### What the task asks:
Reproduce the listing below character for character; drop every image.
Dataset extract section start
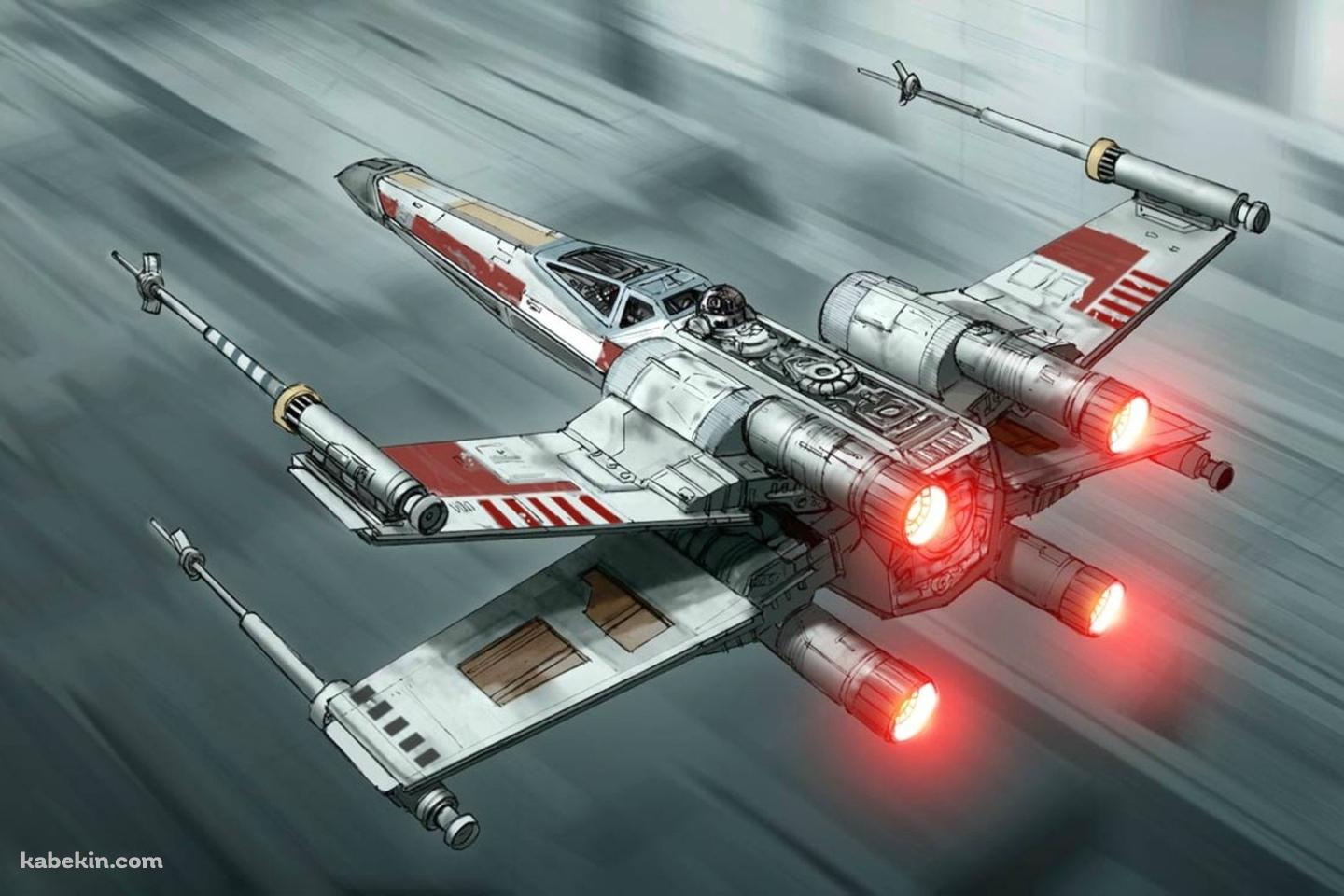 スターウォーズ STAR WARS X-WINGの壁紙(1440px x 960px) 高画質 PC・デスクトップ用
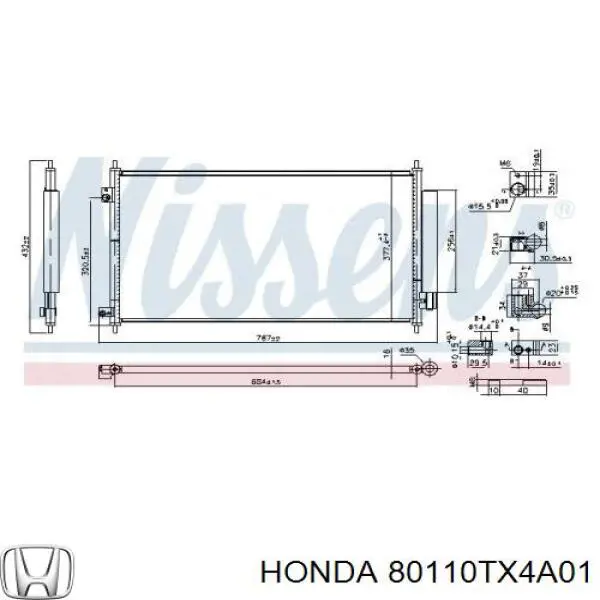 80110TX4A01 Honda 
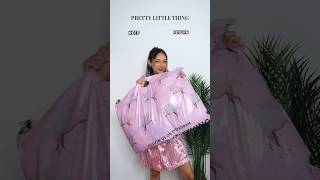 Pretty Little Thing Try On Haul 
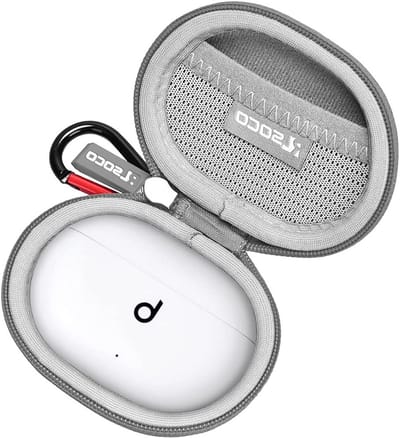 Oorbellenhoes voor Beats Studio Buds en Studio Buds + (2023) - Bescherming, Stijl en Duurzaamheid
Dataset extract section end
### Answer space:
 スターウォーズ STAR WARS X-WINGの壁紙(1440px x 960px) 高画質 PC・デスクトップ用
 80110TX4A01 Honda 
 Pretty Little Thing Try On Haul 
 Oorbellenhoes voor Beats Studio Buds en Studio Buds + (2023) - Bescherming, Stijl en Duurzaamheid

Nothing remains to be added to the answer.